The one thing I am sure of is that it’s been far too long since I went out into the world, just because. There was a lot of snowfall this winter, and the car I brought back from the coast wasn’t up to the task. Rather than risk some kind of incident, I put my road trips on hold until I either bought a new vehicle, or the snow melted – whichever came first. I didn’t expect it to take this long.
This week, I had to get out. It’s not as though I had cabin fever. In fact, it was almost the opposite. The more I stayed at home, the more I didn’t want to go anywhere. Then my car was broken into. Foolishly, I had left my camera bag filled with specialty lenses under a coat in the back set. Of course, it was taken.
My initial reaction was that I might as well give up. I wouldn’t be able to replace those lenses, and without them, I wasn’t going to be able to take the kind of photos I wanted to take.
But somewhere inside a little voice was telling me I was wrong. My vision didn’t depend on a specific lens, it depended on me. My camera is part of my life. I needed to feel the weight of it in my hands. I needed one picture that spoke to me – just one – and I’d know everything was going to be okay.
And if I couldn’t head out into the mountains, there were still places I could go. The city of Kelowna is an interesting mix of residential, farmland, orchards, beaches and wild places. I would find my picture out there somewhere.
I started out on Lakeshore Drive and followed it to the end before turning back. I stopped in Cedar Creek to take a picture of the park.
I stopped at the beach access, where I was intrigued by the wood washed up on shore. There were many other stops I would have made, including a stop for a small herd of mule deer, but traffic prevented me.
From Lakeshore I headed to the pond on Hull Road. This was the very first park I visited in Kelowna, while looking for a place to live. I was hoping that, like that day, there would be swans on the pond. I found Buffleheads instead.

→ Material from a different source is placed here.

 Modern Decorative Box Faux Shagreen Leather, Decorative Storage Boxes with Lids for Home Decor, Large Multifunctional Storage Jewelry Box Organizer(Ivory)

I left Hull Road, and made my way to Myra Canyon Road. The rule I made for myself was that I would keep driving as long as I could see the road. Unfortunately, although I could see the road, it was covered by ice and slush. The higher I went, the worse it got. I turned back. The only stop I made in that area was KLO Creek, beautiful as it carved its way through the ice and snow.

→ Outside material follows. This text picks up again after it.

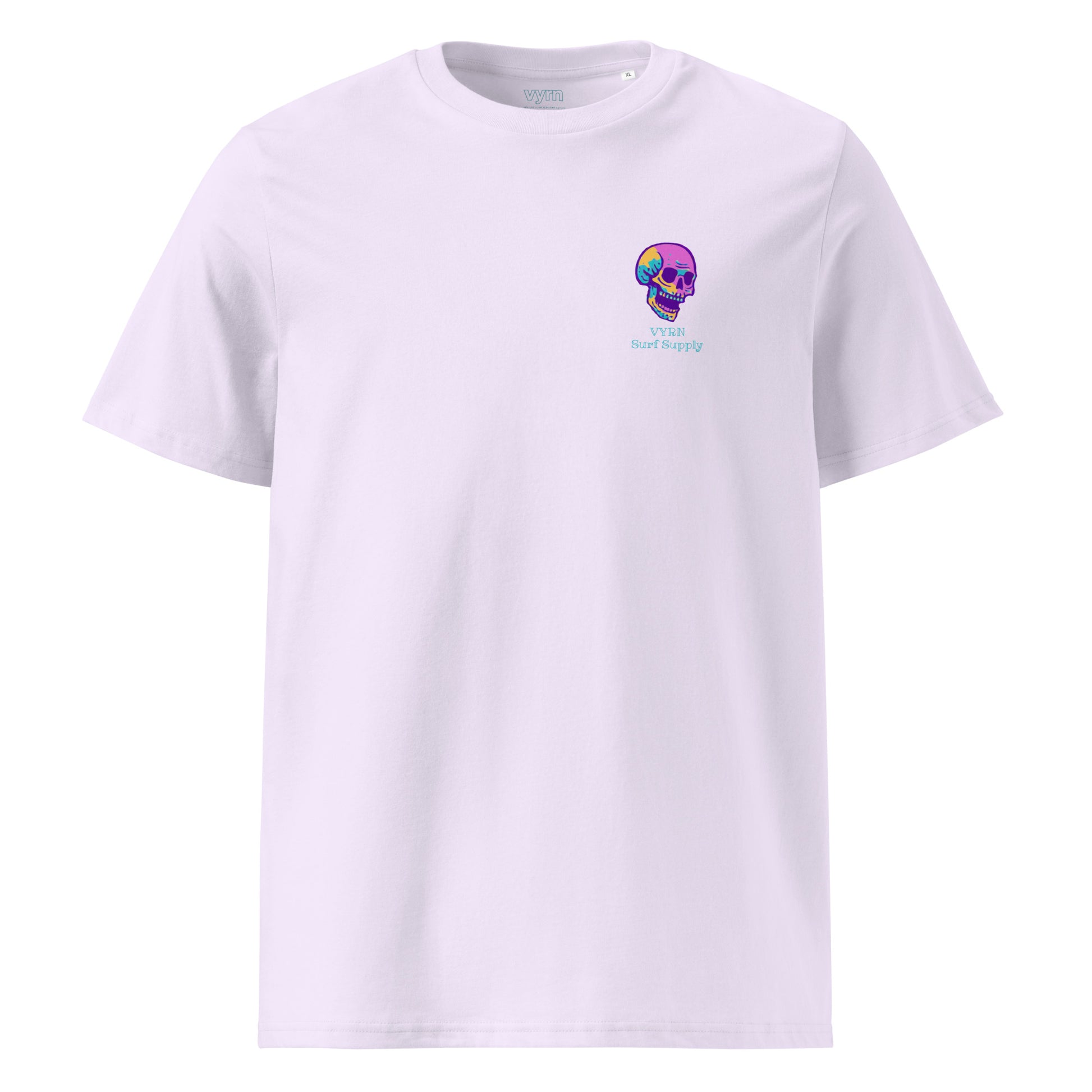 Lavender VYRN surf supply t-shirt with neon wave skeleton surfing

I took the backroads through orchards and farmland to East Kelowna, stopping to take pictures of the geese in the orchards.
I arrived at Scenic Canyon in Rutland, but didn’t take any pictures. I was standing there, looking at the snow, and wondering when the last time I threw a snowball was. I was overcome with the desire to do just that. I made snowballs and threw them as hard as I could toward the river, laughing till I was breathless.

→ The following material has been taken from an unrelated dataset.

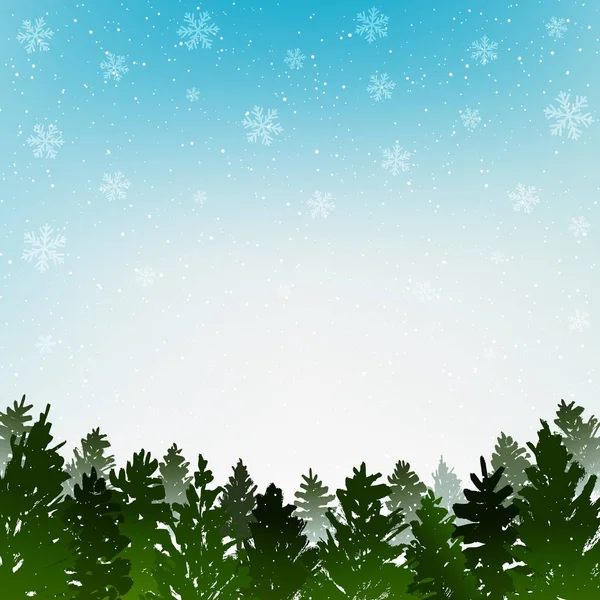 Fondo de Navidad con bosque de coníferas — Vector de stock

It wasn’t until I was on my way out of the park that I realized there were people in a parked car near mine. I wonder what they must have thought at the sight of an overweight, middle-aged woman throwing snowballs at nothing, cackling to herself.
My final stop found me back at one of the small beaches off of Abbott Street. I took pictures of bark and sand, but mostly I sat there, looking out over the water, at the gilded clouds and the blue mountains, remembering how lucky I am.
And the shot that I needed? I got that.